Status CopyFromHost(const int64_t position, const void *data, int64_t nbytes)

Copy memory to device at position.

Return

Status

Parameters
  • [in] position: start position to copy bytes to

  • [in] data: the host data to copy

  • [in] nbytes: number of bytes to copy

Status CopyFromDevice(const int64_t position, const void *data, int64_t nbytes)

Copy memory from device to device at position.

Return

Status

Note

It is assumed that both source and destination device memories have been allocated within the same context.

Parameters
  • [in] position: start position inside buffer to copy bytes to

  • [in] data: start address of the device memory area to copy from

  • [in] nbytes: number of bytes to copy

Status CopyFromAnotherDevice(const std::shared_ptr<CudaContext> &src_ctx, const int64_t position, const void *data, int64_t nbytes)

Copy memory from another device to device at position.

Return

Status

Parameters
  • [in] src_ctx: context of the source device memory

  • [in] position: start position inside buffer to copy bytes to

  • [in] data: start address of the another device memory area to copy from

  • [in] nbytes: number of bytes to copy

Result<std::shared_ptr<CudaIpcMemHandle>> ExportForIpc()

Expose this device buffer as IPC memory which can be used in other processes.

Return

Handle or Status

Note

After calling this function, this device memory will not be freed when the CudaBuffer is destructed

Public Static Functions

Result<std::shared_ptr<CudaBuffer>> FromBuffer(std::shared_ptr<Buffer> buffer)

Convert back generic buffer into CudaBuffer.

Return

CudaBuffer or Status

Note

This function returns an error if the buffer isn’t backed by GPU memory

Parameters
  • [in] buffer: buffer to convert

class arrow::cuda::CudaHostBuffer : public arrow::MutableBuffer

Device-accessible CPU memory created using cudaHostAlloc.

Public Functions

Result<uintptr_t> GetDeviceAddress(const std::shared_ptr<CudaContext> &ctx)

Return a device address the GPU can read this memory from.

Memory Input / Output

class arrow::cuda::CudaBufferReader : public arrow::io::internal::RandomAccessFileConcurrencyWrapper<CudaBufferReader>

File interface for zero-copy read from CUDA buffers.

CAUTION: reading to a Buffer returns a Buffer pointing to device memory. It will generally not be compatible with Arrow code expecting a buffer pointing to CPU memory. Reading to a raw pointer, though, copies device memory into the host memory pointed to.

Public Functions

bool closed() const override

Return whether the stream is closed.

bool supports_zero_copy() const override

Return true if InputStream is capable of zero copy Buffer reads.

Zero copy reads imply the use of Buffer-returning Read() overloads.

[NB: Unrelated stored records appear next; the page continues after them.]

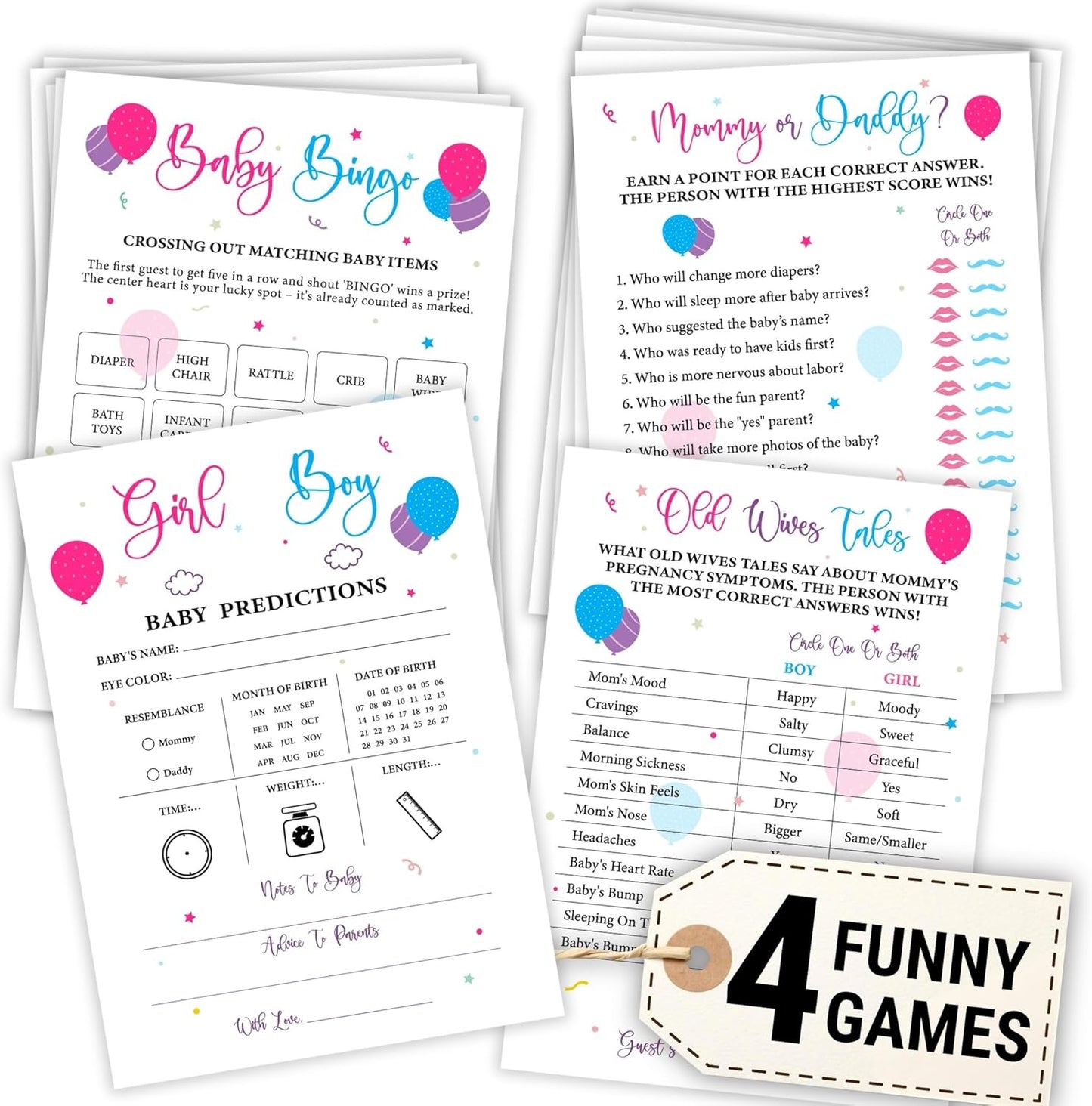 Baby Gender Reveal Bingo — photo 7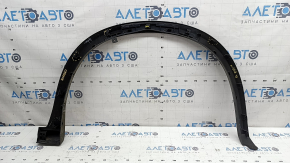 Front left fender arch trim Infiniti QX50 19-25 structure, faded plastic, cracked fasteners, broken fastener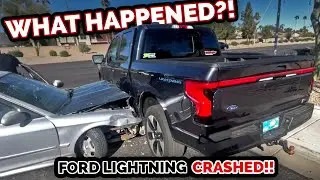 Someone Crashed into my Ford F-150 Lightning?!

class arrow::cuda::CudaBufferWriter : public arrow::io::WritableFile

File interface for writing to CUDA buffers, with optional buffering.

Public Functions

Status Close() override

Close writer and flush buffered bytes to GPU.

bool closed() const override

Return whether the stream is closed.

Status Flush() override

Flush buffered bytes to GPU.

Status Write(const void *data, int64_t nbytes) override

Write the given data to the stream.

This method always processes the bytes in full. Depending on the semantics of the stream, the data may be written out immediately, held in a buffer, or written asynchronously. In the case where the stream buffers the data, it will be copied. To avoid potentially large copies, use the Write variant that takes an owned Buffer.

Result<int64_t> Tell() const override

Return the position in this stream.

Status SetBufferSize(const int64_t buffer_size)

Set CPU buffer size to limit calls to cudaMemcpy.

By default writes are unbuffered

Return

Status

Parameters
  • [in] buffer_size: the size of CPU buffer to allocate

int64_t buffer_size() const

Returns size of host (CPU) buffer, 0 for unbuffered.

int64_t num_bytes_buffered() const

Returns number of bytes buffered on host.

IPC

class arrow::cuda::CudaIpcMemHandle

Public Functions

Result<std::shared_ptr<Buffer>> Serialize(MemoryPool *pool = default_memory_pool()) const

Write CudaIpcMemHandle to a Buffer.

Return

Buffer or Status

Parameters

Public Static Functions

Result<std::shared_ptr<CudaIpcMemHandle>> FromBuffer(const void *opaque_handle)

Create CudaIpcMemHandle from opaque buffer (e.g.

from another process)

Return

Handle or Status

Parameters
  • [in] opaque_handle: a CUipcMemHandle as a const void*

Result<std::shared_ptr<CudaBuffer>> SerializeRecordBatch(const RecordBatch &batch, CudaContext *ctx)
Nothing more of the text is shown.